Militares se aposentam: e os ministros militares do governo são aposentados. É o que buscou a Defesa para se livrar do limite remuneratório (conhecido como teto). Argumenta-se que esses generais devem poder receber acima do limite/teto acumulando “aposentadoria” e o salário de ministro.
Estariam, assim, incluídos nas decisões do Supremo Tribunal Federal (STF) e do Tribunal de Contas da União (TCU) que permitem – excepcionalmente nesses casos – que o teto remuneratório seja dobrado, aplicado separadamente a cada um dos pagamentos, e não à soma deles (aposentadoria+salário).
Deixa de valer, assim, o limite de R$ 39,2 mil, o salário de ministros do Supremo que é a remuneração máxima no serviço público. Com a dobra do limite feita, o chamado “teto duplex” iria para quase R$ 80 mil. É 70 vezes o soldo dos recrutas. A mudança decorre de uma portaria do Ministério da Economia (que, aliás, não diz como vai pagar, violando a Lei de Responsabilidade Fiscal).

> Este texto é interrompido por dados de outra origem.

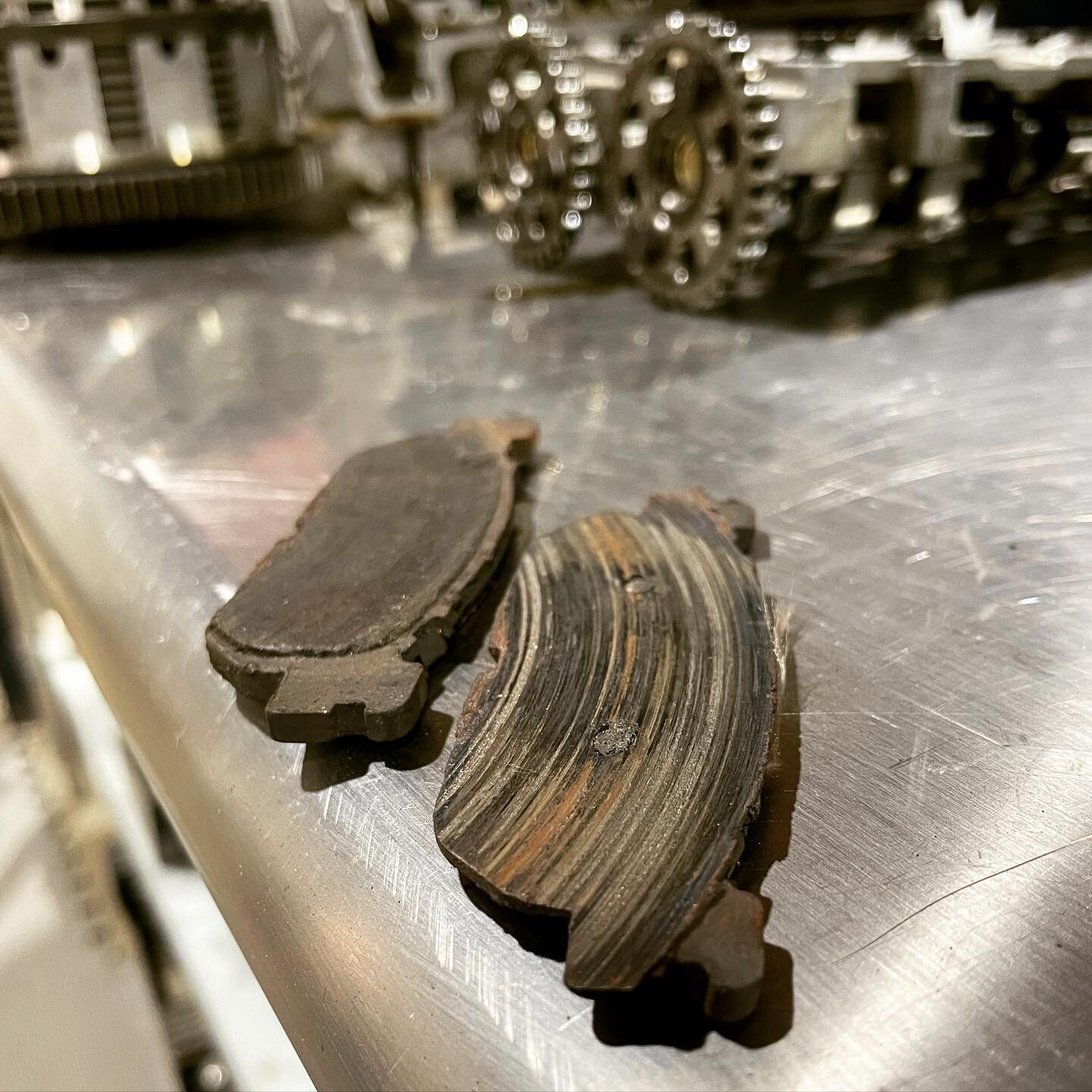 Might be time for some new brake pads&hellip; #mechanicfails #customerstates #motorcyclesalvage #yamahar1 #yamahar6 #r6yamaha #r1yamaha #kawasaki636 #kawasakizx6r #kawasakizx7r #hondacbr600rr #suzukigsxr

Militares da reserva com cargos no governo serão beneficiados, porque até então o acúmulo de salário e aposentadoria esbarrava no teto. Agora, o limite será o teto dobrado. Haverá aumentos para o presidente, mas principalmente para os generais. Segundo jornais, o vice Mourão receberia mais de R$ 63 mil mensais a partir de agora, os ministros Braga Netto, da Defesa, R$ 62 mil; Heleno, da Segurança Institucional, R$ 63 mil; e Ramos, da Casa Civil, R$ 66 mil.
A alegação para a portaria seria o cumprimento de uma decisão do STF, que permitiu que o limite remuneratório de R$ 39,2 mil seja observado separadamente para aposentadoria e para salário. Seria, assim, um limite para cada vínculo. Mas militar na reserva perde o vínculo?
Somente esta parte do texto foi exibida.